Materials provided Start Marker

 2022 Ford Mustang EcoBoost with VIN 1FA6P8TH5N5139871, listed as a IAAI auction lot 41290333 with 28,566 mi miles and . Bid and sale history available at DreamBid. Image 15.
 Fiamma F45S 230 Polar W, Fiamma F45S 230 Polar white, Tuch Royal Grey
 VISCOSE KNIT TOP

Materials provided End Marker
Materials provided Start Marker

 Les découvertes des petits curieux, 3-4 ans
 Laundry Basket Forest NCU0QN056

Materials provided End Marker

Of the entries listed above, reproduce only the lines starting at the line containing "2022 Ford Mustang" and ending at the line containing "VISCOSE KNIT TOP". Include both, exactly as they stand.

## Output
 2022 Ford Mustang EcoBoost with VIN 1FA6P8TH5N5139871, listed as a IAAI auction lot 41290333 with 28,566 mi miles and . Bid and sale history available at DreamBid. Image 15.
 Fiamma F45S 230 Polar W, Fiamma F45S 230 Polar white, Tuch Royal Grey
 VISCOSE KNIT TOP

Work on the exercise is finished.